*** Opening of Data excerpts ***
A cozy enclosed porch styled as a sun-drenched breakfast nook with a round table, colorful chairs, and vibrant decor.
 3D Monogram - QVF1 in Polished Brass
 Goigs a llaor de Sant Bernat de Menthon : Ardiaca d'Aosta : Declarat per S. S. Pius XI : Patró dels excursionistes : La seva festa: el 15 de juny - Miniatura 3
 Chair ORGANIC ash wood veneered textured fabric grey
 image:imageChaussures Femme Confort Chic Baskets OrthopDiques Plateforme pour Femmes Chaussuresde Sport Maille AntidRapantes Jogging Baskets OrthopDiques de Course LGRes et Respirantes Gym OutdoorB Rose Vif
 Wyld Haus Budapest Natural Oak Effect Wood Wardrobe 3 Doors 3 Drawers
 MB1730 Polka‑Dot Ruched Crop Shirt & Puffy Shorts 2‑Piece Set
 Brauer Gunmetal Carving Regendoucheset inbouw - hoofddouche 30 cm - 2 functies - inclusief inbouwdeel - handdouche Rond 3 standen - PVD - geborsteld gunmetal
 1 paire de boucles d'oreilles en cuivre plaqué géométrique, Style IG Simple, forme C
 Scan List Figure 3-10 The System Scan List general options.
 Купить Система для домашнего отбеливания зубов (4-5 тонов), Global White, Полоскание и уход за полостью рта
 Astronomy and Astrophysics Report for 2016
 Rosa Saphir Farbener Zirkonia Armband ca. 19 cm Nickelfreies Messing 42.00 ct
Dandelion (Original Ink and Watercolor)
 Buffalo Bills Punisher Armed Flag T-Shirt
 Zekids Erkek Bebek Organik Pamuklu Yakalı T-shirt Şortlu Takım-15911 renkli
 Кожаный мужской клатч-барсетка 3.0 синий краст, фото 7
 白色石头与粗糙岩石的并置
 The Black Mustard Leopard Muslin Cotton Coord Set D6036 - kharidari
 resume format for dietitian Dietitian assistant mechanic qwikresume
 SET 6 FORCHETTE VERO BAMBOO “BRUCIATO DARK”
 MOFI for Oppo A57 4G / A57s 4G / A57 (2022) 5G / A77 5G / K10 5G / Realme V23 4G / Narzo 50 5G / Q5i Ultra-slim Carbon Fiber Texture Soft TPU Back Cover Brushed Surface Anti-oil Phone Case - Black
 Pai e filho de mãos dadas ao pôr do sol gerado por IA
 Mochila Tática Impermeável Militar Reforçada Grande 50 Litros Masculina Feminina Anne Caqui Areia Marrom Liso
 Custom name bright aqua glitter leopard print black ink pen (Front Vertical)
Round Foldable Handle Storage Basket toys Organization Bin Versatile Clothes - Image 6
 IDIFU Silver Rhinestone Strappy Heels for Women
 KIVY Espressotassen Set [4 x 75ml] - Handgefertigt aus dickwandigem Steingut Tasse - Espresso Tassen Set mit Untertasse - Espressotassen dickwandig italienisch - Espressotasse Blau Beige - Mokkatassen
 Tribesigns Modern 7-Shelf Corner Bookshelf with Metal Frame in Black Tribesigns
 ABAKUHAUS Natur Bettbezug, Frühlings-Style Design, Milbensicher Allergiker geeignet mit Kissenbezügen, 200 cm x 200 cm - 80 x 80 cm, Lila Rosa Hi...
*** Close of Data excerpts ***
◆ Your instructions
Of the entries above, repeat exactly the lines from the line with "Scan List Figure" through the line with "Astronomy and Astrophysics Report for 2016", both of them included.

◆ Exercise result
 Scan List Figure 3-10 The System Scan List general options.
 Купить Система для домашнего отбеливания зубов (4-5 тонов), Global White, Полоскание и уход за полостью рта
 Astronomy and Astrophysics Report for 2016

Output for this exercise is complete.